WHAT THE EXERCISE ASKS: Copy out all of the material. Every line must match the original.

EXERCISE DATA:

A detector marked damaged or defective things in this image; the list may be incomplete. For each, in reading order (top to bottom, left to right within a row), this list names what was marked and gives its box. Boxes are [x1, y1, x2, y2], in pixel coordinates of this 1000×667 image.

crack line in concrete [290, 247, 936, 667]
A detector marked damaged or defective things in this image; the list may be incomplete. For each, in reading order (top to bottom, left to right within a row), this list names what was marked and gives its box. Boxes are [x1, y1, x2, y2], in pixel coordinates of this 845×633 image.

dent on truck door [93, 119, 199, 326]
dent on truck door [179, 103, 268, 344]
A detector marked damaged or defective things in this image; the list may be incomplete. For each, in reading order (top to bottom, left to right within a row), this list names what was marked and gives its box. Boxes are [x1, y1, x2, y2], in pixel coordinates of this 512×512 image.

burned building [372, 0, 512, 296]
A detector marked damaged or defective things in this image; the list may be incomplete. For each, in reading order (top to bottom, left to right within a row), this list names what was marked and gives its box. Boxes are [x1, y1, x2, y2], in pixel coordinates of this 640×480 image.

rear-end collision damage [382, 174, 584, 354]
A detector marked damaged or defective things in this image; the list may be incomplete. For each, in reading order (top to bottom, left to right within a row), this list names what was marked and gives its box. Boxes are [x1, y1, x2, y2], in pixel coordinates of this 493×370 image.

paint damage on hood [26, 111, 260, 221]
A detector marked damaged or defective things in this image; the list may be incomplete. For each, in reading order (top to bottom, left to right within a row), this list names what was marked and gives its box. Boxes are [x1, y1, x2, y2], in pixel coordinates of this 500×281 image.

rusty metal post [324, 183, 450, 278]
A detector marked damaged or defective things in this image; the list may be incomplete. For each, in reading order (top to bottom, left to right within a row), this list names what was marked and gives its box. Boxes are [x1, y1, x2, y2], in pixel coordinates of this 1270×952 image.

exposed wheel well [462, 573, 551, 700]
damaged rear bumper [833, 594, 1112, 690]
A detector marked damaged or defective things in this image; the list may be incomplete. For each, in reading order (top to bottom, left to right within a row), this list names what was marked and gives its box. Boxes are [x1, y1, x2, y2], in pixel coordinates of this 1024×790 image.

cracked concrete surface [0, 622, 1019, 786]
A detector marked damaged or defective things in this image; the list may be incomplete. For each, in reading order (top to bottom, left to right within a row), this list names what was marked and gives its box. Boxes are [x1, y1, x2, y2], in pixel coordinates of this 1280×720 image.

SOLUTION FOR THIS EXERCISE:
A detector marked damaged or defective things in this image; the list may be incomplete. For each, in reading order (top to bottom, left to right within a row), this list names what was marked and gives its box. Boxes are [x1, y1, x2, y2], in pixel coordinates of this 1000×667 image.

crack line in concrete [290, 247, 936, 667]
A detector marked damaged or defective things in this image; the list may be incomplete. For each, in reading order (top to bottom, left to right within a row), this list names what was marked and gives its box. Boxes are [x1, y1, x2, y2], in pixel coordinates of this 845×633 image.

dent on truck door [93, 119, 199, 326]
dent on truck door [179, 103, 268, 344]
A detector marked damaged or defective things in this image; the list may be incomplete. For each, in reading order (top to bottom, left to right within a row), this list names what was marked and gives its box. Boxes are [x1, y1, x2, y2], in pixel coordinates of this 512×512 image.

burned building [372, 0, 512, 296]
A detector marked damaged or defective things in this image; the list may be incomplete. For each, in reading order (top to bottom, left to right within a row), this list names what was marked and gives its box. Boxes are [x1, y1, x2, y2], in pixel coordinates of this 640×480 image.

rear-end collision damage [382, 174, 584, 354]
A detector marked damaged or defective things in this image; the list may be incomplete. For each, in reading order (top to bottom, left to right within a row), this list names what was marked and gives its box. Boxes are [x1, y1, x2, y2], in pixel coordinates of this 493×370 image.

paint damage on hood [26, 111, 260, 221]
A detector marked damaged or defective things in this image; the list may be incomplete. For each, in reading order (top to bottom, left to right within a row), this list names what was marked and gives its box. Boxes are [x1, y1, x2, y2], in pixel coordinates of this 500×281 image.

rusty metal post [324, 183, 450, 278]
A detector marked damaged or defective things in this image; the list may be incomplete. For each, in reading order (top to bottom, left to right within a row), this list names what was marked and gives its box. Boxes are [x1, y1, x2, y2], in pixel coordinates of this 1270×952 image.

exposed wheel well [462, 573, 551, 700]
damaged rear bumper [833, 594, 1112, 690]
A detector marked damaged or defective things in this image; the list may be incomplete. For each, in reading order (top to bottom, left to right within a row), this list names what was marked and gives its box. Boxes are [x1, y1, x2, y2], in pixel coordinates of this 1024×790 image.

cracked concrete surface [0, 622, 1019, 786]
A detector marked damaged or defective things in this image; the list may be incomplete. For each, in reading order (top to bottom, left to right within a row), this list names what was marked and gives its box. Boxes are [x1, y1, x2, y2], in pixel coordinates of this 1280×720 image.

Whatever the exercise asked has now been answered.